It’s a little tough to understand what he’s saying, with all the clucking between words, but we get the idea. The animals are all in a tizzy about getting names and a stampede starts heading for the entrance to the garden. I understand why everyone’s so excited. I, myself, am tired of answering to, “Hey you! Crunchy thing.”
However, the part of the announcement I find particularly fascinating is the search for a companion for Adam. Now, I wasn’t born yesterday. Okay, it was earlier today. Still, I’m no dummy. Obviously, if this Adam guy has been made in the Creator’s image he’s going to be pretty important in the scheme of things around here. If I can get selected as his companion, I’ll be sitting pretty.
It’s a mob scene at the garden gates and all the animals are primping. Those with fur are fluffing themselves up and trying to look adorable. A black and white striped creature with hooves approaches me and asks, “Does this hide make me look fat?”
“No. Actually it’s quite slimming.” She does look good.
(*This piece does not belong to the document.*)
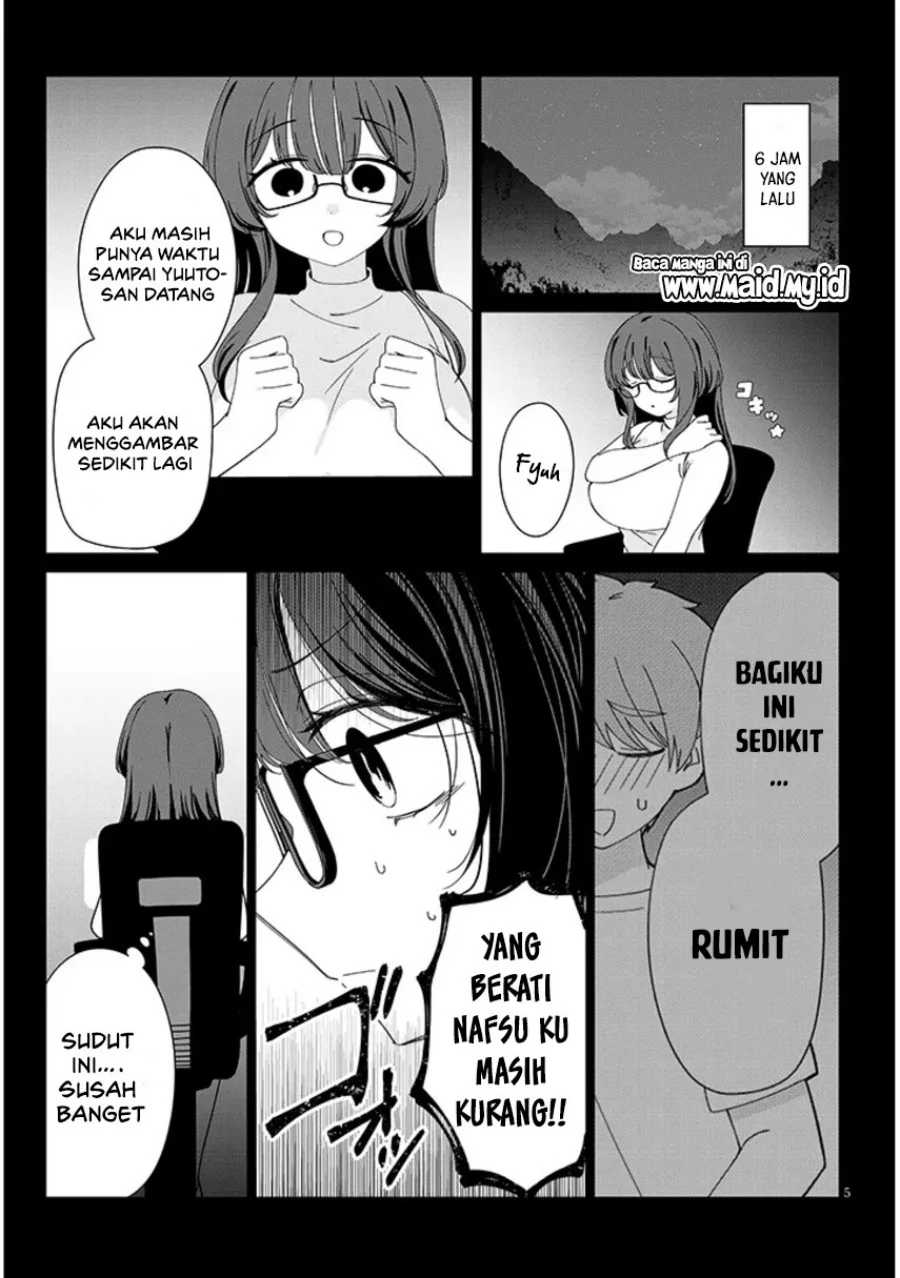 Halaman 9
Obviously, I’m not going to win this thing with my good looks.
An angel holding a clipboard taps me on the wing. “Here’s your number: 457,239. Do not approach Adam until your number has been called.”
Angels can be so bossy. Give them a clipboard and a badge and… well, you know what I mean.
I have a while to wait for my turn, so I watch the animals in line before me as they vie for the coveted position of Adam’s Companion. A very tall creature with a neck stretching up to the sky is standing before the Man. The Creator watches as Adam looks in up awe, enraptured.
“Ahhh, Giraffe,” he says in a breathy tone.
This is going to be tougher than I thought. The Man seems pretty impressed by outward appearances. Those of us who wear their skeletons on the outside are going to have a clear disadvantage.
Next up is a furry little thing with a wagging tail. He runs over to Adam and licks him right on the face. Have you ever seen such a suck-up? It’s disgusting. The creature is literally drooling all over himself and Adam is eating it up.
Finally, it’s my turn. I spit-polish my exoskeleton and scamper toward Adam. At first he doesn’t even notice me.
“Hey, I’m down here!” I wave my antennae back and forth seductively.
“Eek,” Adam shrieks and tries to hide behind the Creator.
“Sheesh, be a Man,” the Creator says and pushes Adam towards me. That phrase has a ring to it. I think it might catch on.
“Um, Mr. Adam. I know I’m not as big and attractive as some of the other animals here. But, I could be quite useful. You won’t even need to feed me. I’ll clean up all your messes and just feast on the crumbs you leave behind. Please give me a chance.”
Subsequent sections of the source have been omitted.